With above-mentioned page fast conversion method accordingly, the embodiment of the present application also provides a kind of page quick switching device, its structure comprises as shown in Figure 6:
Request receiving module 400 is for the page request that receives the user;
The page returns module 600, is used for returning result after the arrangement to user side.
Further, for the labels at different levels in the dom tree, described label filtering module 500 as shown in Figure 7, it specifically can comprise:,
Preliminary label filtering module 510, be used for the subtab for current level, at first according to tag library this grade subtab filtered;
Structural type label filtering module 520, for the structural type label of described reservation after filtering, according to structure label dictionary, it is filtered;
Wherein, the structural type label for keeping after filtering based on structure label dictionary repeats the step of above-mentioned module to its next stage subtab, until filtered all labels.

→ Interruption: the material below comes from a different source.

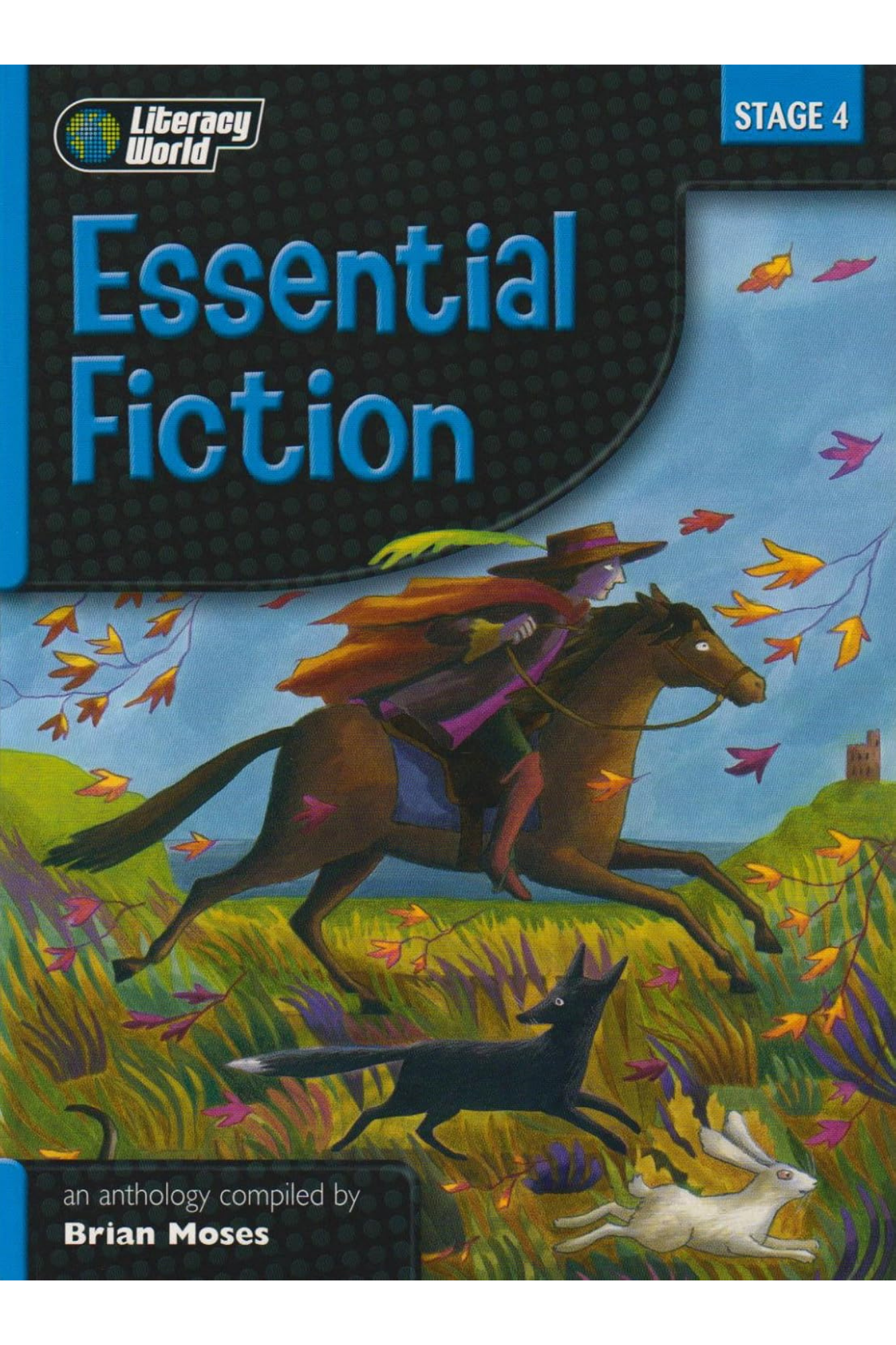 Literacy World Stage 4 Fiction: Essential Anthology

Wherein, preliminary label filtering module 510 specifically comprises the label judge module, is used for after every grade of subtab being carried out according to tag library every grade of subtab is filtered:
For the text label of described reservation, change described text label and content thereof over to page arrangement step with corresponding father's label;
For the image tag of described reservation, when the size of the image of described image tag indication is lower than the preliminary dimension size threshold value, then change described image tag and content thereof and corresponding father's label over to page arrangement step;
For the structural type label of described reservation, change structural type label filtration step over to.
Further, described structural type label filtering module 520, as shown in Figure 8, it specifically comprises:
Search module S521, for each structural type label, the label word according in its id attribute and/or the class attribute text carries out matched and searched in the label word of structure label dictionary;
Obtain label similarity module S522, be used for according to the matched and searched result, according to the label rule set, calculate the label similarity of label word in described structural type label and the structural type label dictionary;
Judge filtering module S523, the label similarity that calculates and the threshold value that presets are compared, and according to comparative result described structural type label is filtered.

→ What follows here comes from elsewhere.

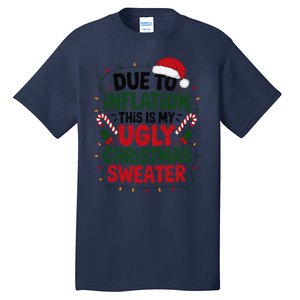 Due To Inflation This Is My Ugly Sweater For Christmas Tall T-Shirt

With reference to Fig. 9, it shows the structural representation of the quick converting system of the preferred a kind of page of the application.
Described system comprises user side 700 and server 800; Described server 700 comprises the device of page fast conversion method;
Described user side 700 is used for submitting to request of access and receives the page;
Described server 800 is used for receiving request of access and the transmits page data arrive its page quick switching device, and the page that page quick switching device is generated sends to user side 700;
Described page quick switching device comprises:
The request receiving module is used for receiving the user side page request;
Page acquisition module is used for obtaining page documents, and resolves the dom tree structure of described page documents;
The label filtering module is used for according to tag library and structure label dictionary, and the labels at different levels in the described dom tree are filtered;
Page sorting module, the label of the dom tree after being used for filtering and the content that comprises thereof write display frame according to institute's counter structure;
The page returns module, is used for returning result after the arrangement to user side.
Preferably, for the labels at different levels in the dom tree, described label filtering module specifically comprises:
Preliminary label filtering module, be used for the subtab for current level, at first according to tag library this grade subtab filtered;
Structural type label filtering module, be used for the structural type label for described reservation after filtering, according to structure label dictionary, it filtered;
In actual applications, can convert fast web page to the WAP page.
With reference to Figure 10, it shows the workflow synoptic diagram of the quick converting system of a kind of page of the application.
User side submits to request access to server;
Server transmits data to page quick switching device;
Page quick switching device at first receives request of access, and then according to the document of the acquisition request page, recycling tag library, structure label dictionary and label rule set traversal dom tree filter label, then write display frame; So just in server, generated the new page.
Server returns to user side with the new page again.
Wherein, the new page can be real-time return to user side, also can be temporarily stored within a certain period of time in the server, if when this section in the period server receive other users to the request of access of the same page, server just can have been changed this complete new page and send to these user sides.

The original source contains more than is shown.